Ziidi Trader builds directly on this success, aiming to replicate the MMF’s rapid adoption.
The Mechanics: From Board Lots to Single Shares
Structural reforms underpinning Ziidi Trader make investing more accessible than ever:
| Feature | Old System (pre-2025) | New “Ziidi” Model (2026) |
|---|---|---|
| Minimum trade | 100 shares | 1 share |
| Onboarding | Physical forms/broker visit | Instant digital KYC via M-Pesa |
| Settlement | T+3 | Same-day/near-instant |
| Account structure | Individual CDS account | Omnibus digital wallet |
These changes lower ticket sizes, compress settlement risk, and align equity trading with mobile‑first behaviour.
Regulatory Tensions and Broker Concerns
The initiative has not been without controversy. Earlier this year, stockbrokers accused the NSE of trying to cut them out entirely, even calling for Mwiti’s removal in June.
The omnibus account structure addresses some of those concerns by keeping licensed intermediaries involved, not as gatekeepers.

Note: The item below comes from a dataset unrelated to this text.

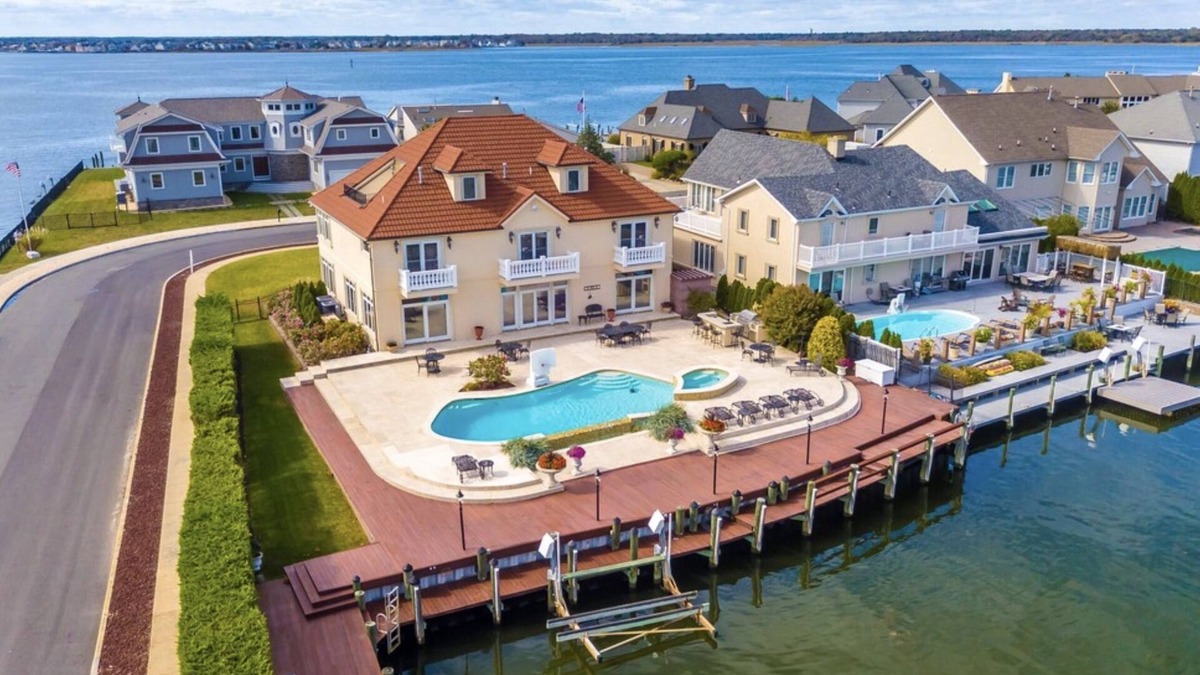 Mantoloking House | MOST DESIRABLE LOCATION IN MANTOLOKING SHORES
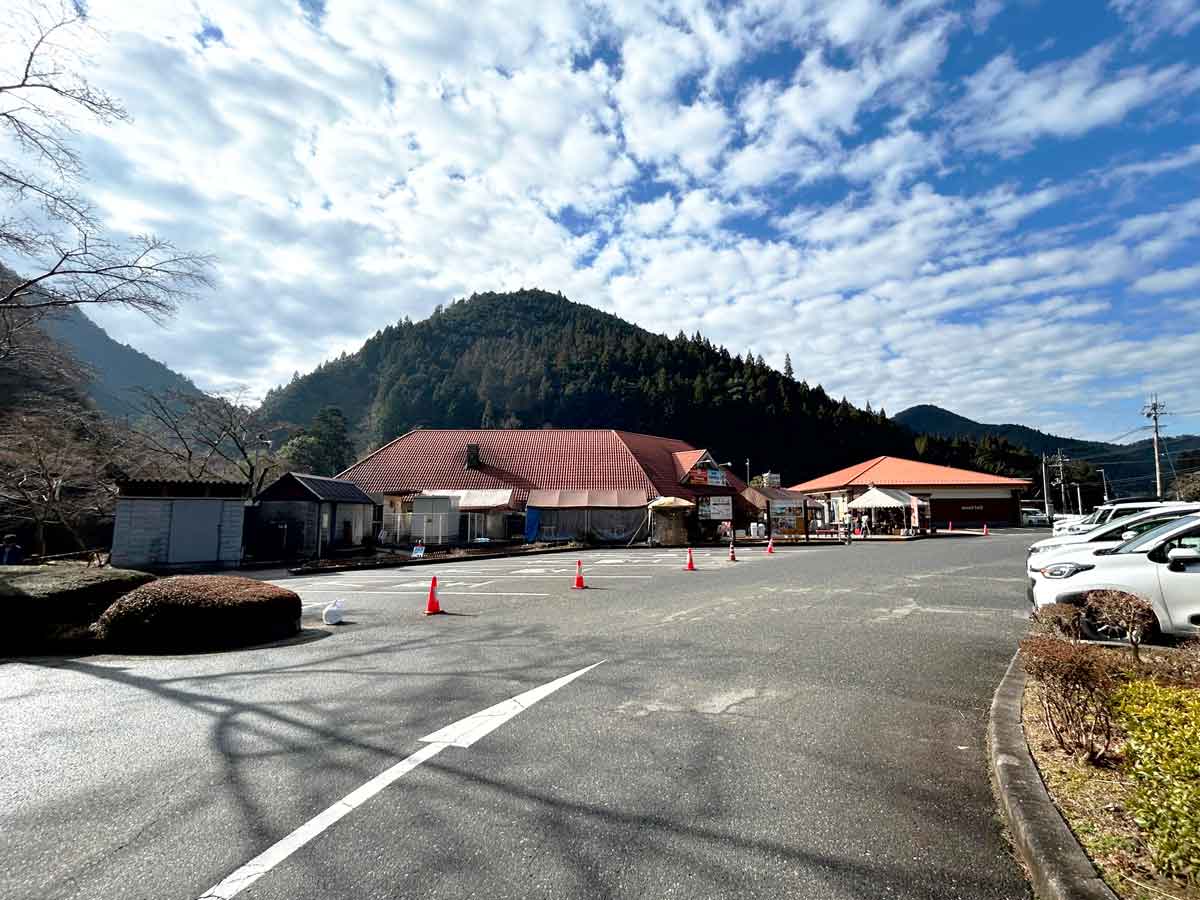 建物の裏には、清流が流れ、芝生の広場があります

Safaricom’s Fintech Premium
For Safaricom, Ziidi Trader opens another revenue stream beyond person‑to‑person transfers:
- The company earned KES 100 million from the Ziidi MMF (0.6% of the fund’s asset base).
- Financial services already represent 5.2% of M-PESA revenues, KES 4.6 billion in the six months ending September 2025, up 13.9% year‑on‑year.
- Safaricom’s shares have gained 65.4% year‑to‑date, reflecting a “fintech premium” as investors value it beyond its telco status.
Why This Matters for Africa’s Capital Markets
Kenya’s experiment offers a potential template for other mobile‑money‑dominant markets:
- Ghana, where mobile money penetration far exceeds brokerage reach.
- Tanzania and Uganda, which share similar telco‑led ecosystems but shallow equity participation.
If successful, Ziidi Trader reframes capital market deepening not as a broker‑led or bank‑led challenge, but as a payments‑led distribution problem. Exchanges align with the rails that already intermediate everyday financial life.